## Task statement
Return the lines below that contain the word "Used".
Segment Start: Dataset entries
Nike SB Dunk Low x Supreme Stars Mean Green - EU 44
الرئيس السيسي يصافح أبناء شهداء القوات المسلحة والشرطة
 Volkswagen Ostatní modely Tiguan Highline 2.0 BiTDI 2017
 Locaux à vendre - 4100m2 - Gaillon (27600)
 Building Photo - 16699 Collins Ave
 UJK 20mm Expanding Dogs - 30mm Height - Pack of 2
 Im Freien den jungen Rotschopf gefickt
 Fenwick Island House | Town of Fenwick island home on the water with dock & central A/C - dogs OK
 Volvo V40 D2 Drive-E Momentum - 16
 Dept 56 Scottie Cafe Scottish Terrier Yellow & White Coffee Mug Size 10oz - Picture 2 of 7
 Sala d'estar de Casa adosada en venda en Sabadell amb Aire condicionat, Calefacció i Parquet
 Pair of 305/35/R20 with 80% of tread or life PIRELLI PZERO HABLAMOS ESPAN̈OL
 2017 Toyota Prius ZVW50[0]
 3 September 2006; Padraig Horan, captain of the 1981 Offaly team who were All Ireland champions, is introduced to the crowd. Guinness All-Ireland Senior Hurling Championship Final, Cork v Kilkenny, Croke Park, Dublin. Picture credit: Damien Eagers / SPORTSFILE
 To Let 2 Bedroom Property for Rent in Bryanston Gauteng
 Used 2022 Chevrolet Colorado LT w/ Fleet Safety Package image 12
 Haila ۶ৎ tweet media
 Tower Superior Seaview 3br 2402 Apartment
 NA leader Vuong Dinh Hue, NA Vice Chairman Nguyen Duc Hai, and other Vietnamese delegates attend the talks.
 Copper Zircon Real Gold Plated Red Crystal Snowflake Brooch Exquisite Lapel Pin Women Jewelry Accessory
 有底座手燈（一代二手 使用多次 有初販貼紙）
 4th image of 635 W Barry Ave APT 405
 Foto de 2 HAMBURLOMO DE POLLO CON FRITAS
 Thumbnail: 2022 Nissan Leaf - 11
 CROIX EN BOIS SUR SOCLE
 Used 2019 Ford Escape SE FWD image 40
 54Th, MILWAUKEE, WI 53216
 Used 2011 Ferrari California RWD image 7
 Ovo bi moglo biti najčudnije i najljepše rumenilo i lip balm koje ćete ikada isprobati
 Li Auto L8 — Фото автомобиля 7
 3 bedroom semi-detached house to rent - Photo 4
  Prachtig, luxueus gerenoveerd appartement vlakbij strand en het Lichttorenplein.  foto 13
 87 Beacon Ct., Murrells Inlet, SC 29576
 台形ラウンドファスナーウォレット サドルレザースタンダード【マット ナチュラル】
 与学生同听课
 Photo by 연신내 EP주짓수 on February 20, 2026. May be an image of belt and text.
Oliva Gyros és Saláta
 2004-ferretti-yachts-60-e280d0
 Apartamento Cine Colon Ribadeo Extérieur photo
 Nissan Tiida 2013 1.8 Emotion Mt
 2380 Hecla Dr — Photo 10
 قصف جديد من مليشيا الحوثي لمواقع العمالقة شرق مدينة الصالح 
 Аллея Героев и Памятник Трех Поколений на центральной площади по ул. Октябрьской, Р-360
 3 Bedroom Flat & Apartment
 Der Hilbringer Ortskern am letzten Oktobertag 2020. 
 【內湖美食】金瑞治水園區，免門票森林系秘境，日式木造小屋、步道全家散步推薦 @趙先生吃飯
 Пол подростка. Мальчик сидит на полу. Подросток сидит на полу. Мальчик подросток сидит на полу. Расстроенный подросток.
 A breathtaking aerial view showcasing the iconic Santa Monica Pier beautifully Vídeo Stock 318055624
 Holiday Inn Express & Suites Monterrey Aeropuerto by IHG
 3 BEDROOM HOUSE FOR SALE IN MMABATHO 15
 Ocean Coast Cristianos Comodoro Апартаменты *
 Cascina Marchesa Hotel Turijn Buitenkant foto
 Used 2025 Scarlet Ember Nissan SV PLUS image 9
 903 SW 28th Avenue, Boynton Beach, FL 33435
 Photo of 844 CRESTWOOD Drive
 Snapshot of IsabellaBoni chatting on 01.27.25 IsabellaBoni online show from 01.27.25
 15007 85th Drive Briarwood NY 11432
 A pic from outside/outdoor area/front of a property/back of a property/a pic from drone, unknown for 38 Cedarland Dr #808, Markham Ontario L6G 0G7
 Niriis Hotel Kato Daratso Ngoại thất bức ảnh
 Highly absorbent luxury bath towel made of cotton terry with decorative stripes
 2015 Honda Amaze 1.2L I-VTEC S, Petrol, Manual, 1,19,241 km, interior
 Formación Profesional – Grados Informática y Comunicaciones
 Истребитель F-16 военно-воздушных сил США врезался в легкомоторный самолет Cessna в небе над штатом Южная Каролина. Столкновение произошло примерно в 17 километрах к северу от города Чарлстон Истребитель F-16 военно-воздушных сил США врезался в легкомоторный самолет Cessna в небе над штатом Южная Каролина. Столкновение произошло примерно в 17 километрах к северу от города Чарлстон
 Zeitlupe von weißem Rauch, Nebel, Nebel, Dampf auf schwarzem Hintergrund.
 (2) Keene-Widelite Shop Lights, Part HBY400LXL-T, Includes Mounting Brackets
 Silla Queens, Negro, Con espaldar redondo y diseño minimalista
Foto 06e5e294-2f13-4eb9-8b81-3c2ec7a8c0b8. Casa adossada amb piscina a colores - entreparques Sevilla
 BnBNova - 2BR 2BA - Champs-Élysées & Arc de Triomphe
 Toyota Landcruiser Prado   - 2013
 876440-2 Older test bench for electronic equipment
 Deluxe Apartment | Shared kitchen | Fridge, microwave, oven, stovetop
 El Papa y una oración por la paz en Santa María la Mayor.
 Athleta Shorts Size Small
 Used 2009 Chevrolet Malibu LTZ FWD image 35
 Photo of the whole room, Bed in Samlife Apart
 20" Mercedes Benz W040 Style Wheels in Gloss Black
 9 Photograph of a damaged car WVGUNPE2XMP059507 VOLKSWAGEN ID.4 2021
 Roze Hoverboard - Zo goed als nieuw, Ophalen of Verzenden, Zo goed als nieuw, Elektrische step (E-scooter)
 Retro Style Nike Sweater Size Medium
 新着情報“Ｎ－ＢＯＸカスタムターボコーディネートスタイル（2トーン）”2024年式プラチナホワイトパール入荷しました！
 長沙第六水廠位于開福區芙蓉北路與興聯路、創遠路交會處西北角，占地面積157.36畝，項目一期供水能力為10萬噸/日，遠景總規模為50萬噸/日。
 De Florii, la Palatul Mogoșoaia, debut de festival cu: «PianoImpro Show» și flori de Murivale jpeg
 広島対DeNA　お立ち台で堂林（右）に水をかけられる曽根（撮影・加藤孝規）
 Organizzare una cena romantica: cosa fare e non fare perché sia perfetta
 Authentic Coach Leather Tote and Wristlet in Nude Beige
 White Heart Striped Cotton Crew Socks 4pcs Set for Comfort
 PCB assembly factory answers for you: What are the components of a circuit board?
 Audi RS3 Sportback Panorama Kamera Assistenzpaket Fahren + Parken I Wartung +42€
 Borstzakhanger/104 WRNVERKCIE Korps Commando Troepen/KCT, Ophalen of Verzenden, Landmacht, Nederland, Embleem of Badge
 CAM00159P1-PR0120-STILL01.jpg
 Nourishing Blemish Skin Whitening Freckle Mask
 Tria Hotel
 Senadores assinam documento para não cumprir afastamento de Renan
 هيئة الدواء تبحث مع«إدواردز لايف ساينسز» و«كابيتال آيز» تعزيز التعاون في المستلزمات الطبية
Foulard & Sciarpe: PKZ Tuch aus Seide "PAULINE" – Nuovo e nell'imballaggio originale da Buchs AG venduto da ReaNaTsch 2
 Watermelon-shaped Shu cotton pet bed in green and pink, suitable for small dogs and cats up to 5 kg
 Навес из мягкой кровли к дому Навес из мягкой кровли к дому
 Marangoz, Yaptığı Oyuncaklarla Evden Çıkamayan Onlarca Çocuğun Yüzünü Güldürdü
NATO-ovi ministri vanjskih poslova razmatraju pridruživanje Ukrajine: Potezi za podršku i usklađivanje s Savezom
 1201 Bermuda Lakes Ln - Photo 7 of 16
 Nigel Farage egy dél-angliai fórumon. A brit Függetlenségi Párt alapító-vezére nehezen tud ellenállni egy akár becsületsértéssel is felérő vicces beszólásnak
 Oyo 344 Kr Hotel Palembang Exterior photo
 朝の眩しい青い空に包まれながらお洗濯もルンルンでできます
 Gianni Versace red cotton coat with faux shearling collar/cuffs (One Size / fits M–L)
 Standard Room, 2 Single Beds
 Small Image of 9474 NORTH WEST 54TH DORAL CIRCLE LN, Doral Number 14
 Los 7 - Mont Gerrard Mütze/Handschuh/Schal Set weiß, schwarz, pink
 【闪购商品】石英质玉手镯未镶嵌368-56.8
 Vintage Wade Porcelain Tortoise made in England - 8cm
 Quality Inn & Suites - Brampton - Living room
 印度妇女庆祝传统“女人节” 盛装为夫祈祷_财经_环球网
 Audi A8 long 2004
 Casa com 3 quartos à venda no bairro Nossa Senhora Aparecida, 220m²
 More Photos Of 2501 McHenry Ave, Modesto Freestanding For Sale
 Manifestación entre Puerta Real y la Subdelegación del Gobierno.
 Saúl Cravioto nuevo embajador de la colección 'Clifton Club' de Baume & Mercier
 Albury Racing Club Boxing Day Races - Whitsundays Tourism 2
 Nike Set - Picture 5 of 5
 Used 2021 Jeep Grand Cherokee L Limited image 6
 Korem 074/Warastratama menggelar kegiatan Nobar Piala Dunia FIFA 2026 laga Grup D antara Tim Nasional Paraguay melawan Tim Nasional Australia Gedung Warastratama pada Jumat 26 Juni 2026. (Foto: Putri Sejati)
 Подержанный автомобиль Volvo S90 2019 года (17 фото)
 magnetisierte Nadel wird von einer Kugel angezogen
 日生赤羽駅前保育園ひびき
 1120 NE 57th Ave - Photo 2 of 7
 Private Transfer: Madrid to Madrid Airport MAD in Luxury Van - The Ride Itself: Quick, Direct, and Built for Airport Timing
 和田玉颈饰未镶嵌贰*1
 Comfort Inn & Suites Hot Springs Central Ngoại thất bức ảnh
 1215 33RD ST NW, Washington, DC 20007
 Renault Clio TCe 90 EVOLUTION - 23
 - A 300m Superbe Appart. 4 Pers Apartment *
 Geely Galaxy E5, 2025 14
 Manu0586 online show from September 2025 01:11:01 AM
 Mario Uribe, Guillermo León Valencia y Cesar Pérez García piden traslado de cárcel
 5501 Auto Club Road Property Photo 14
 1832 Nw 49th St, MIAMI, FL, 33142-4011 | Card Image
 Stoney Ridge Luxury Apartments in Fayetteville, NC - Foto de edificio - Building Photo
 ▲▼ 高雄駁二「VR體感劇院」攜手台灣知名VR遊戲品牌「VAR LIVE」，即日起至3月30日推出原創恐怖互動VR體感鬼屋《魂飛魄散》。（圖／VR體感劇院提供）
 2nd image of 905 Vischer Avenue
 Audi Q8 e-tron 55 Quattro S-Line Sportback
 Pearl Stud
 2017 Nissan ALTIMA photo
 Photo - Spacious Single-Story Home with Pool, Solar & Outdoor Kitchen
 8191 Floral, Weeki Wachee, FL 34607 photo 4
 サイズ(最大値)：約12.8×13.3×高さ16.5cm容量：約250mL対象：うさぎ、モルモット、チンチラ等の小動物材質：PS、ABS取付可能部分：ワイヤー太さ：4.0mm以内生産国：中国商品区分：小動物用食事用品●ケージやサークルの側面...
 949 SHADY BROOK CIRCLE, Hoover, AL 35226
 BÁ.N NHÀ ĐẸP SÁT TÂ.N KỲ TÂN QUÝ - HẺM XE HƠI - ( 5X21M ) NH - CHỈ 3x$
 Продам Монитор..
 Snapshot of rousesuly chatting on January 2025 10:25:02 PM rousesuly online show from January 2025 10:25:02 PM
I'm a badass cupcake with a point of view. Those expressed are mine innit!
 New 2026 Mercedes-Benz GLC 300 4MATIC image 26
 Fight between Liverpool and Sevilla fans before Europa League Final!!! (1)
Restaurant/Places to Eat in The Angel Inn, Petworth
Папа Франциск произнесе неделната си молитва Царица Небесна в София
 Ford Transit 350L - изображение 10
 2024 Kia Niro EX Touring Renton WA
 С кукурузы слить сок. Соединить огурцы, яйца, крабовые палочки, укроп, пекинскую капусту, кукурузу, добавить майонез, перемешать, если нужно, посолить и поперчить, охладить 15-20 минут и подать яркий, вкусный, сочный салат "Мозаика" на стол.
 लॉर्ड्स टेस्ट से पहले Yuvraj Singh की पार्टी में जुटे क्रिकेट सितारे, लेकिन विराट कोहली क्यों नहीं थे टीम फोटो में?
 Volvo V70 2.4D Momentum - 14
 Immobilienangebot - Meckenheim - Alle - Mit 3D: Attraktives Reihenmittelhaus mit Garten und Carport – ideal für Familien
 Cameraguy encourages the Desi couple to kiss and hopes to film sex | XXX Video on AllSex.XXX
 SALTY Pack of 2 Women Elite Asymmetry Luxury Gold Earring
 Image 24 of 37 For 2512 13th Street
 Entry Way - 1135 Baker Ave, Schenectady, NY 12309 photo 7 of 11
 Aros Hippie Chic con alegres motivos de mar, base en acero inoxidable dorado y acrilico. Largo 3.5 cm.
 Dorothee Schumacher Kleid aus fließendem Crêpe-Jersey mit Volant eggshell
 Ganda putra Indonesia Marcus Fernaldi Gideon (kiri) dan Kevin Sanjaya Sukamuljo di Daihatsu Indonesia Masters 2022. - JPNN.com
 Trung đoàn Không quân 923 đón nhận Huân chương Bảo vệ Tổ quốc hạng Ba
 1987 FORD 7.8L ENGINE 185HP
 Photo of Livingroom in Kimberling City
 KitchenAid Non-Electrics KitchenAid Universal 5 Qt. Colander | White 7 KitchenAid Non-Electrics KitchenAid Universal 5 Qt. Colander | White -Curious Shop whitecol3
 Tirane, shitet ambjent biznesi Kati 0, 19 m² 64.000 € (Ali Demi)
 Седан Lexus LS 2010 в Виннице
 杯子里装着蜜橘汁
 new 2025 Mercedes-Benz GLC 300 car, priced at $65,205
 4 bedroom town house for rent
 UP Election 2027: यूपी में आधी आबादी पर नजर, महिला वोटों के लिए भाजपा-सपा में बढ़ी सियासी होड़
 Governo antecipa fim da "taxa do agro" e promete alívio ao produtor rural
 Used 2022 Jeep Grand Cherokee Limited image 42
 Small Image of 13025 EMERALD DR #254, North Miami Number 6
Segment End: Dataset entries
## Expected output
 Used 2022 Chevrolet Colorado LT w/ Fleet Safety Package image 12
 Used 2019 Ford Escape SE FWD image 40
 Used 2011 Ferrari California RWD image 7
 Used 2025 Scarlet Ember Nissan SV PLUS image 9
 Used 2009 Chevrolet Malibu LTZ FWD image 35
 Used 2021 Jeep Grand Cherokee L Limited image 6
 Used 2022 Jeep Grand Cherokee Limited image 42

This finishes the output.